I recently got my 29G tank set up and am slowly stocking it over the next month or so. Two weeks ago, I got 3 bumblebee platys from my local store, 2 Female, 1 Male. Unfortunately one of the females got stressed during the transfer and didn't survive the night. The other female, however, is healthy and now pregnant. I would like to keep and raise the fry, and would like to know when she should be isolated to give birth. She is quite swollen, her abdomen is about 2 times it's normal size and she is still active. I know very little about raising fry, and would appreciate any advice given. My last tank, about 3 years ago, had some fry that survived without intervention, but I would like to improve their chances.


----------



## lohachata (Jan 27, 2006)

the best thing you could do is set up a 10-15 gallon tank and put lots and lots of hornwort in it..put the female in it as soon as you see she is pregnant.this will keep her from getting stressed...
i don't move any of my females just for them to give birth.i keep the plants in their regular tank and just leave them in there..


----------



## ZebraDanio12 (Jun 17, 2011)

If you don't want to remove her, Add tons of hiding places.
I have a bicket outside right now filled with plants and guppies, It has 50ish fish,little to none of the fry get eaten because theres are plenty of spots for them to hide.
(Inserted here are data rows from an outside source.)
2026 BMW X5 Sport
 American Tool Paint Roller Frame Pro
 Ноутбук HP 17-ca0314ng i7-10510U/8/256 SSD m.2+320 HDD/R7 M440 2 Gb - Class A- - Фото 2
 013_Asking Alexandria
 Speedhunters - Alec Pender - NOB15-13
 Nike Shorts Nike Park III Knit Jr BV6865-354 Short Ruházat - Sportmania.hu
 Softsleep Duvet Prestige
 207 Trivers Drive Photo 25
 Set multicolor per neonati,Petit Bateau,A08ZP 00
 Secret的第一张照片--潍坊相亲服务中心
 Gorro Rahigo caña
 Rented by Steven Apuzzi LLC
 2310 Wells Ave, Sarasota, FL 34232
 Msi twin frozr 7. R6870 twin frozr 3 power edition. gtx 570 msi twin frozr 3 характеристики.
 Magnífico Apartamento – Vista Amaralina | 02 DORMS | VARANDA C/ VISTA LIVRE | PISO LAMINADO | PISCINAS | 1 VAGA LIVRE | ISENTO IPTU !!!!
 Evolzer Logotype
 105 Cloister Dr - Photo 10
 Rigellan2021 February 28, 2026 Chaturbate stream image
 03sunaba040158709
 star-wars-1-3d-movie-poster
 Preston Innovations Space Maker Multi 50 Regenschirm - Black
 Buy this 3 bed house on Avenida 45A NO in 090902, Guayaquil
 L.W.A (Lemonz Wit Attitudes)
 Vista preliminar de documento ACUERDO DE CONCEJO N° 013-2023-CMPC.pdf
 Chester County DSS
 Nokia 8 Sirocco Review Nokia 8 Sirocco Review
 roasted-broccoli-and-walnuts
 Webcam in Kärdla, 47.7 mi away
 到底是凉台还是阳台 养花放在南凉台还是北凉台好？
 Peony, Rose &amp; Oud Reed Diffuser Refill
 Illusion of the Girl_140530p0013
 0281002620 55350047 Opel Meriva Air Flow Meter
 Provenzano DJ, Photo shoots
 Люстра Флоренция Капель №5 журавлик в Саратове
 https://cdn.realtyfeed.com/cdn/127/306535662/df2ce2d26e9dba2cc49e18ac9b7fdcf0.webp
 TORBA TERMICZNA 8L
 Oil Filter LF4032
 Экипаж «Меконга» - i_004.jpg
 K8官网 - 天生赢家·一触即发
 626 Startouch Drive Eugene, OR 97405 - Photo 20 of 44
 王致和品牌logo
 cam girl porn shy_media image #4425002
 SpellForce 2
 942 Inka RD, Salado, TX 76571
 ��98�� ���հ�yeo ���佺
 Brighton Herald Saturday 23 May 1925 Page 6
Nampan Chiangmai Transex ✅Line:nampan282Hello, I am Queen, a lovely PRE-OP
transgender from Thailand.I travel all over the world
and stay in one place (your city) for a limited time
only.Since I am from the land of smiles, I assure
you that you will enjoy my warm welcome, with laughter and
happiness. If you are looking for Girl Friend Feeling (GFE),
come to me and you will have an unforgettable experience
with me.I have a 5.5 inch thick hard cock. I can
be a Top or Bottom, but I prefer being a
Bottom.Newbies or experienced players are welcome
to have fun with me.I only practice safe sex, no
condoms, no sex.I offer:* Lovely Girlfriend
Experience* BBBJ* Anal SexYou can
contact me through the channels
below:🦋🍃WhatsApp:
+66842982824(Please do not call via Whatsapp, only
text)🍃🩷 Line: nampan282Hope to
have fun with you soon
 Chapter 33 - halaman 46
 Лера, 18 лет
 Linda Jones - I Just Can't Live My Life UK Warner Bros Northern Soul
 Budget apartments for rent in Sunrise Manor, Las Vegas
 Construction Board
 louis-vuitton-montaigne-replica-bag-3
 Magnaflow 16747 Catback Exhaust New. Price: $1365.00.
If you do want to remove her and seperate the babies, place her in the same kind of setup. Add some plants (real or fake) to her tank, these will help to make her feel less stressed.
She will drop in her own time. Remove her when she has given birth, she may eat her fry if you don'.


Ah loha beat me, but he has the same idea as me.


----------



## WhaleSharks (Jul 12, 2013)

I like loha's idea of leaving the female in the tank for the pregnancy and adding hiding places. I think isolating her would stress her too badly, and I already have several bushy plants in the tank where the fry could hide, and I could easily add more. Thanks so much guys. 

Oh, one more thing. Is there a way to reliably predict when the fry will drop?


----------



## lohachata (Jan 27, 2006)

i am sure there is ; but i don't give it much consideration as i don't really move them.when they look like they are about to explode i figure it is close.


----------



## ZebraDanio12 (Jun 17, 2011)

Boxy bellies. Their bellies look like a box, and the area near the gravid spot will start to protrude. Thats how I know it could happen any day. 

I've heard people say not eating and heavy breathing,but I've honestly never seen that.


----------